Correspondingly, the degree of aggressiveness of the activist organization campaigns varies according to the nature of the target and the issue at stake. If a firm proves to be responsive, it may be become a preferred target as the probability of success is larger. An activist organization will think twice before confronting a recalcitrant firm, as the likelihood of being defeated and having their reputation damaged is significant.
The following diagram summarizes of Baron’s and Diermier’s arguments:
By presenting this typology of activists and of targets, Baron and Diermeier bring to bear an important factor in today’s world: reputation. It is easy to see that a firm with a record of conceding to every demand will be subject to more aggressive campaigning than one that is known for giving a fight. Accordingly, an activist organization known for not enforcing its threat will never pose a real challenge to any target. Reputation and credibility are directly related. Building a name for being tough might be a successful strategy for avoiding becoming a target in the first place.
Avoiding the Bulls Eye
How can a firm avoid being a target? Here, Baron and Diermeier outline possible nonmarket strategies for firms carrying their functions in an environment characterized by the presence of activists. Among these, they single out following a proactive strategy as it will reduce the odds and harshness of a campaign. The aim is to make the necessary adjustments so as to be less attractive in the eyes of the activist organizations. This happened in the context of RAN’s campaign against Citigroup, Bank of America, and JP Morgan Chase. Moreover, “the firms will compete to avoid a campaign, resulting in a race to the top. Therefore, the firms in the industry have an incentive to act collectively to avoid being caught in a race to the top.”

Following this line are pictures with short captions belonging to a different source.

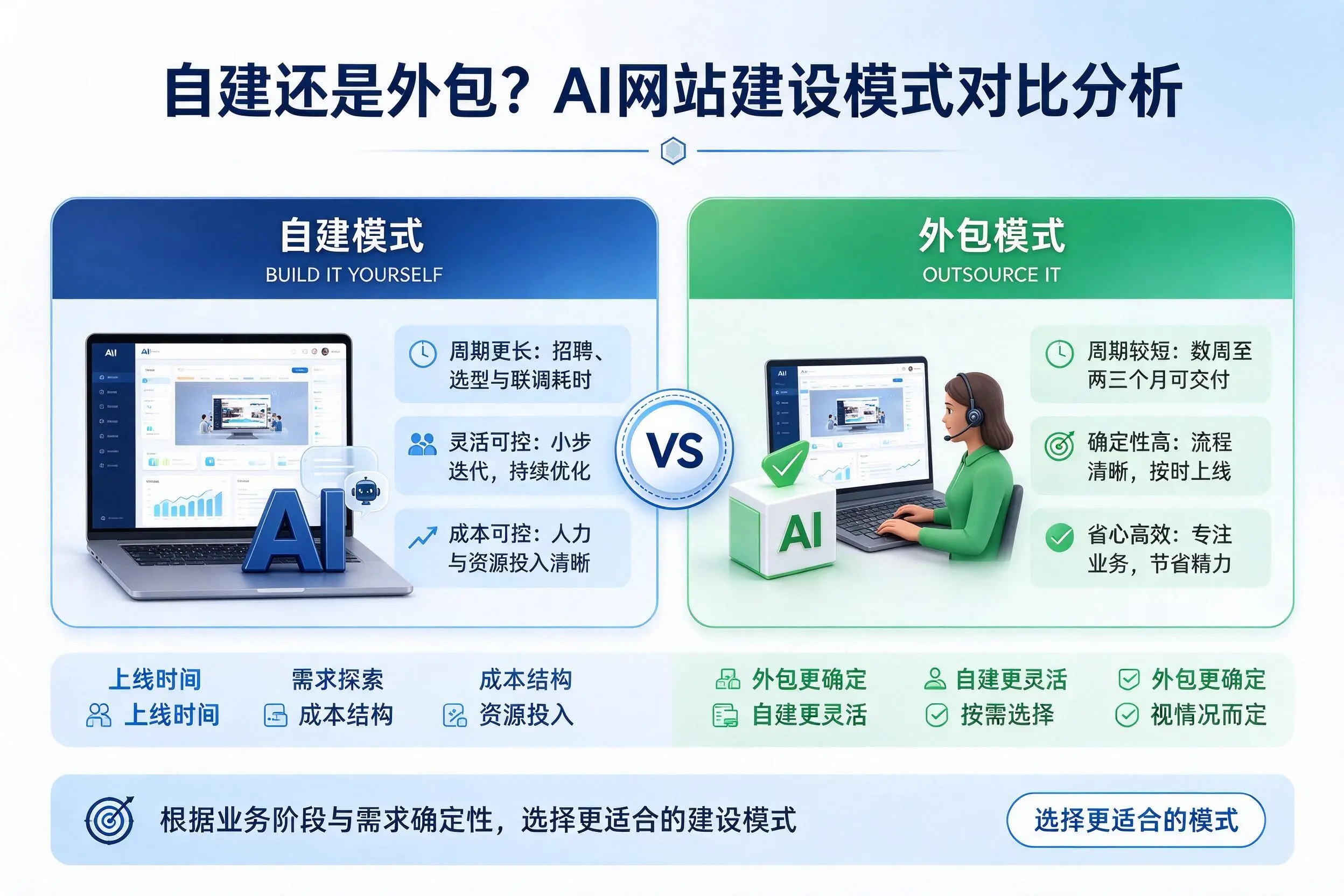 自建还是外包？武威AI网站建设模式对比分析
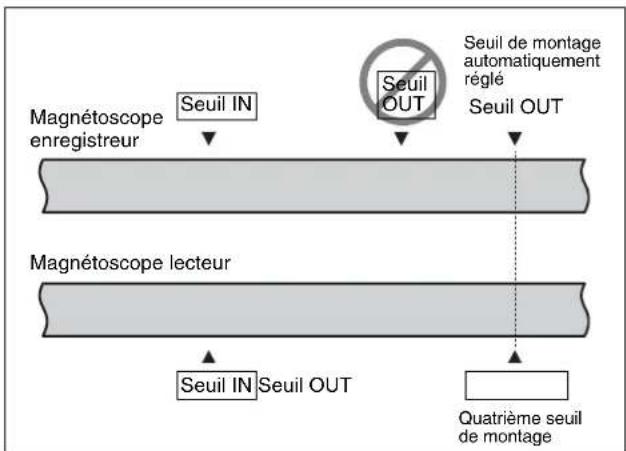 SONY HKSR-5803HQ - Réglage automatique des seuils OUT - 1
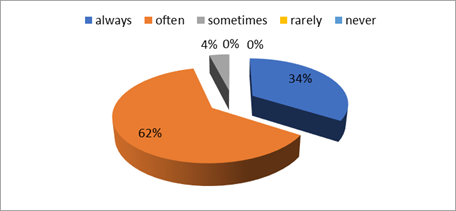 The frequency with which teachers engage in reflective practice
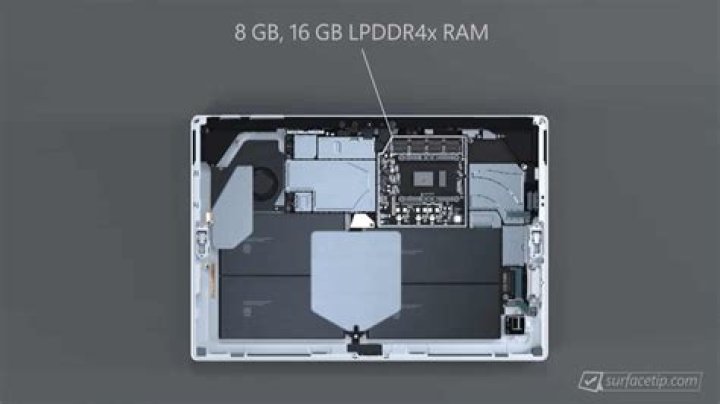 How do I upgrade the RAM on my Surface Pro?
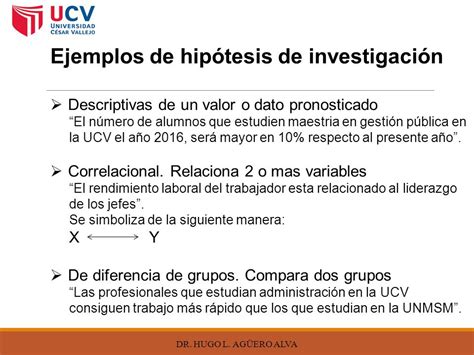 Hipotesis De Investigacion Ejemplos Tipos De Hipotesis Proyectos De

Overall, Baron and Diermeier manage to initiate a set of innovative questions in a new field of study with complex strategic interactions. Furthermore, the formal model exposes an intricate process in which ex ante and ex post considerations directly affect the result of the game. The selection of the issue, the firm, and the degree of aggressiveness of the campaign pursued by the activist, combined with the possible responses of the target, prove that “strategic interactions play an important role in all aspects of the campaign.”
Murray, Alan (2005). “Scandals Leave Big Banks Vulnerable,” Wall Street Journal, April 13, 2005.
RAN, Rainforest Action Network (2007), “Who We Are: Our History,” www.ran.org/who_we_are/our_mission_history/ (accessed September 4, 2007).
Baron, David P. and Daniel Diermeier (2007). “Strategic Activism and Nonmarket Strategy,” Journal of Economics and Management Strategy, 16(3): 599-634.